Essentially, McAuley and Stewart were trying to expose the modernist writers published in Angry Penguins as “phonies,” a term that would enter the popular literary lexicon in just a few short years by way of J.D. Salinger’s The Catcher in the Rye. And as it turns out, they weren’t all that unsuccessful in their plan. Just as news of Ern Malley being a hoax was catching fire in Australia, Harris would end up the subject of persecution by the South Australian police for publishing material considered to be obscene and immoral. Not only was Ern Malley a fake, but he was also generating censorship — the mark of a truly great literary figure, I suppose, real or not. Harris maintained that he was unaware that the published poems had been fabricated and that he personally did not find them obscene, but the Australian government disagreed. Although he had several witnesses testifying in his defense, Harris was found guilty and fined £5 (nearly £300 in 2026). As a result, Angry Penguins ceased publication in 1946.
McAuley and Stewart went on to achieve success in their careers as either writers or professors, but it was Harris who really had the last laugh.

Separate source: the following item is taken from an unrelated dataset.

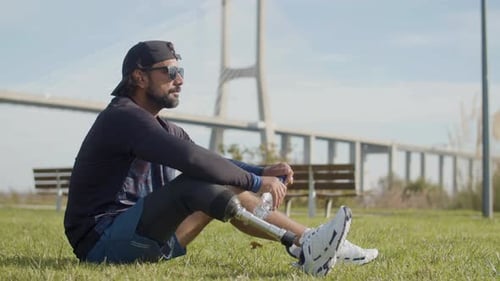 Athlete with Prosthetic Leg Drinks Water Outdoors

Undeterred by his guilty verdict in the Ern Malley obscenity trial and the loss of Angry Penguins, he founded a satirical literary journal with a university friend called Mary’s Own Paper in 1950. Two years later, he began another literary publication called Ern Malley’s Journal, followed by the literary journal Australian Letters, which showcased artists of all stripes in Australia and beyond. By 1961, he was a founder and co-editor of the Australian Book Review. Harris later became a long-running columnist for The Australian and contributed to The Bulletin, The Sunday Mail, and Nation for the remainder of his career. Of his time as a columnist, the Australian Media Hall of Fame remarked, “He attacked anything and anybody that would make good copy.” He died in 1995 at the age of 73.
While still a hoax that had some far-reaching negative effects, such as sending a magazine publisher to court, which indirectly resulted in the loss of said publication, the Ern Malley ordeal did result in some evidently thought-provoking poetry written by legitimate poets, even if they had written them in vain. While McAuley and Stewart did accomplish their mission of proving that Angry Penguins would fall for anything vaguely modernist and out of the ordinary, they in turn sparked a conversation about what constitutes good art vs. bad art, good poetry vs. bad poetry.
Malley’s poems, however fabricated, attracted attention first in Australia and then across the world, not only because they were fakes that fooled a magazine, but because they were actually interesting poems. Writing for The Washington Post in 1994, David Lehman stated, “It was the greatest hoax because the creation of Ern Malley escaped the control of his creators and enjoyed an autonomous existence beyond, and at odds with, the critical and satirical intentions of McAuley and Stewart. They succeeded better than they had known, or wished. Malley’s poems hold up to this day, eclipsing anything produced by any of the story’s main protagonists in propria persona.”